* Aim of the exercise *
Leaving out all pictures, write out word for word the lines from the one containing "Welcome to Grammar" to the end of the data below.

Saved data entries
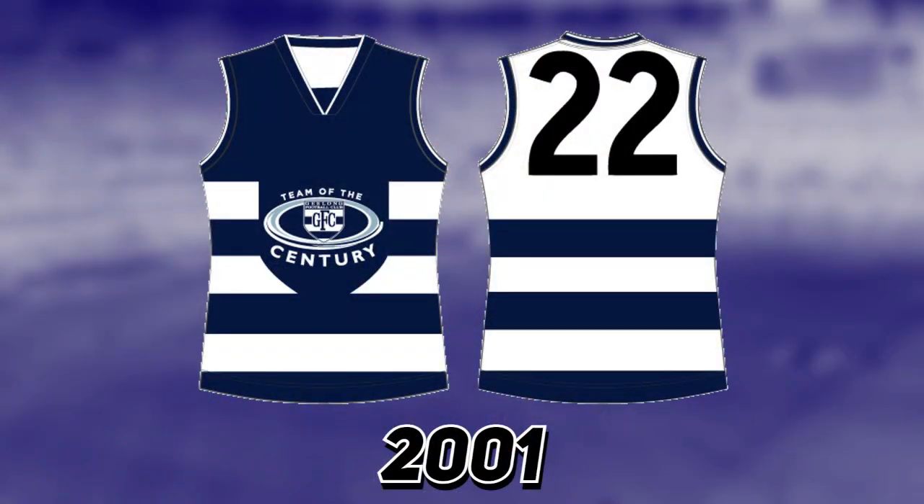For the Cats, they wore a really strange one in 2001 to advertise their team of the century. It's a strange design — all blue on the front, the lines cut off with a strange logo in the middle, but the back is all white. I don't know how this looked on the players but it would look really strange.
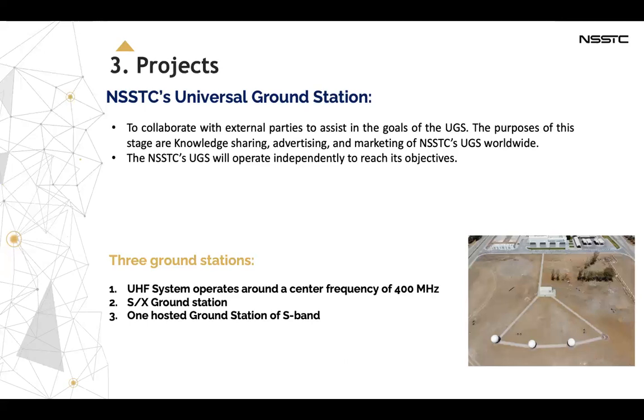We have three ground stations: ultra-high frequency, which operates around a center frequency of 400 MHz, SX ground stations, and one hosted ground station of S-band.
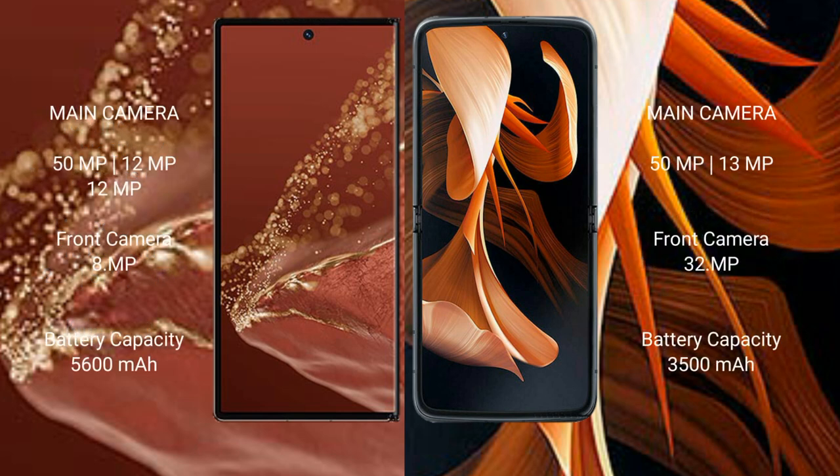The Huawei Mate XT Ultimate features a triple rear camera setup with 50MP, 12MP, and 12MP lenses, plus a 12MP front camera. The Motorola RAZR has a dual rear camera setup with 50MP and 13MP lenses, and a 32MP front camera.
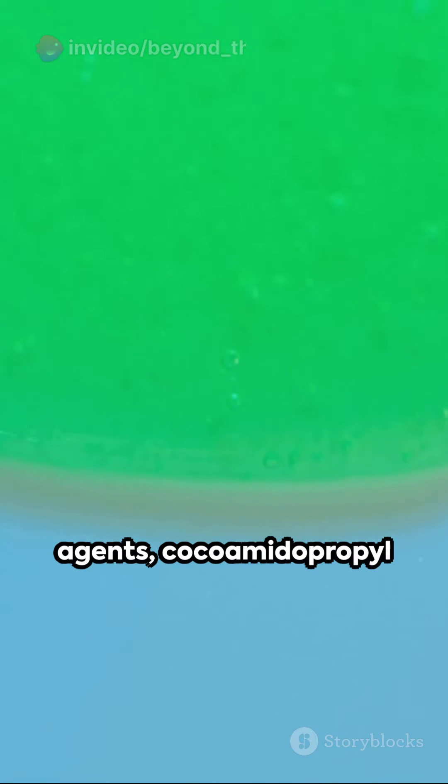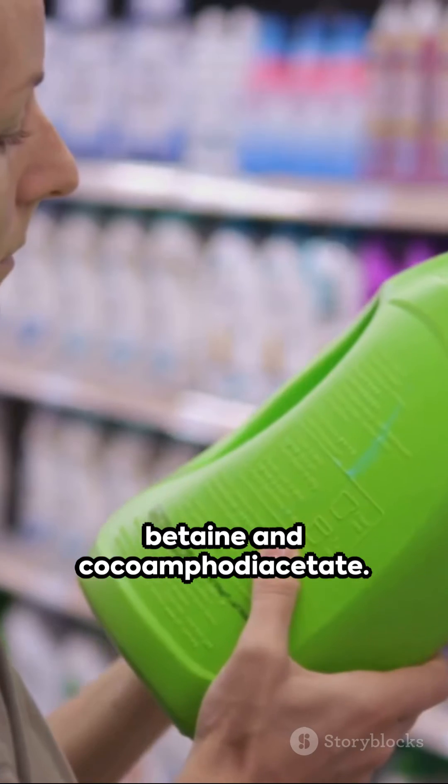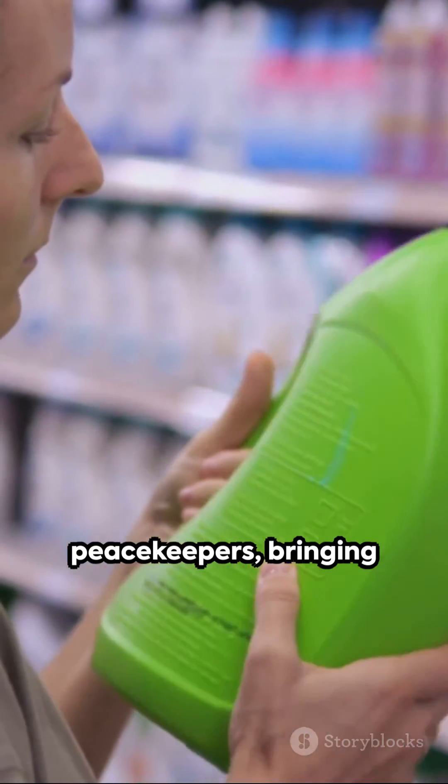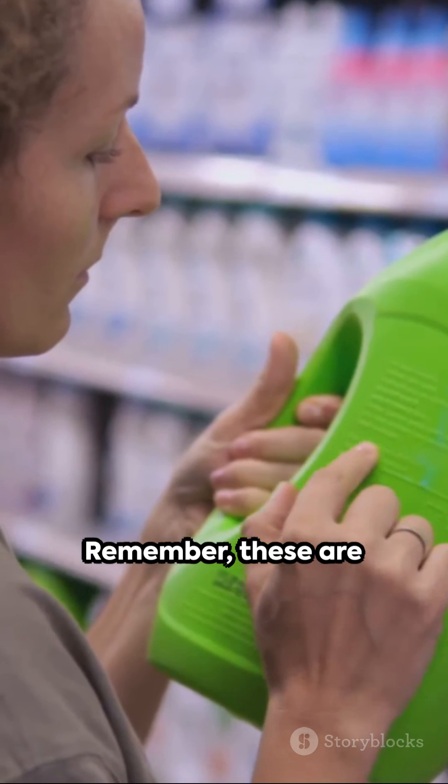Finally, meet the amphoteric wetting agents: cocamidopropyl betaine and cocoamphodiacetate. They're the peacekeepers, bringing stability in the face of varying pH levels.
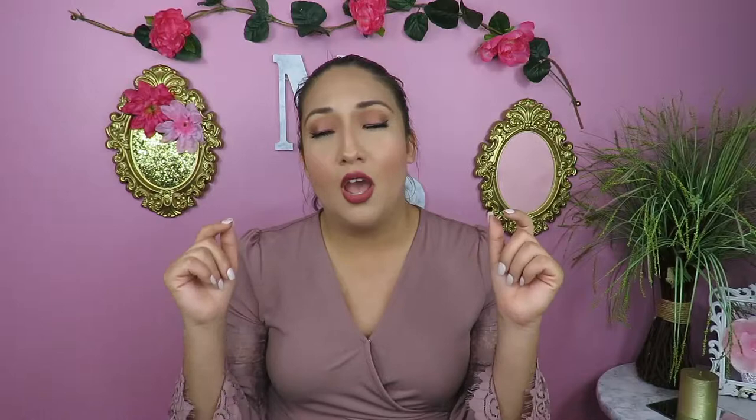If you guys want to pick up this particular handbag, I'll leave the link in the description box down below so you can click it and it'll take you directly to the bag. I'll also leave the link to the Ameri website so you can see all the other handbags they have. I'm also going to leave a discount code in the description box — let me know in the comments if you need one and I'll make sure to get one posted.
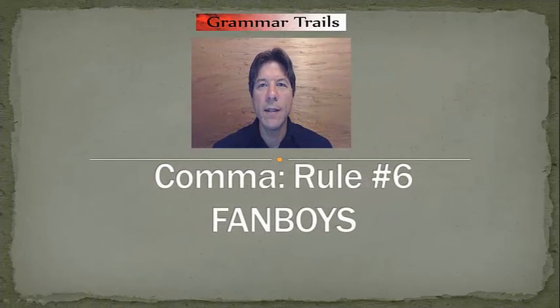Welcome to Grammar Trails. In this segment, we are going to look at the seven coordinating conjunctions and the sixth comma rule.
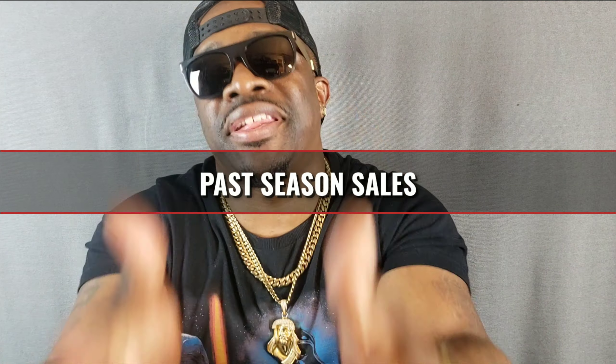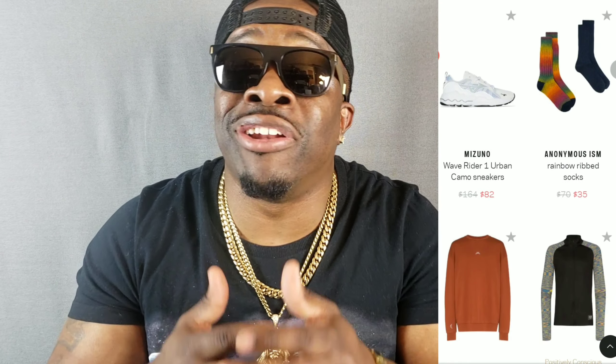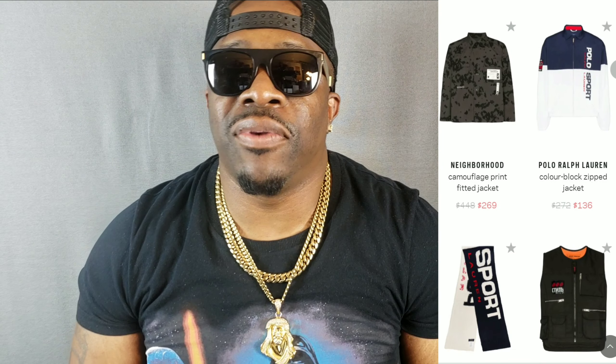The first thing on the list is past season sales. Stores like Essence, Farfetch, Neiman Marcus, and Barney's New York — these stores have their past season sales and you can catch designer for the low. I'm talking about sales up to 70% off. So that means you're going in there and picking up something that's a thousand dollars and walking out with a shirt for three hundred dollars.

* Solution *
Welcome to Grammar Trails. In this segment, we are going to look at the seven coordinating conjunctions and the sixth comma rule.
The first thing on the list is past season sales. Stores like Essence, Farfetch, Neiman Marcus, and Barney's New York — these stores have their past season sales and you can catch designer for the low. I'm talking about sales up to 70% off. So that means you're going in there and picking up something that's a thousand dollars and walking out with a shirt for three hundred dollars.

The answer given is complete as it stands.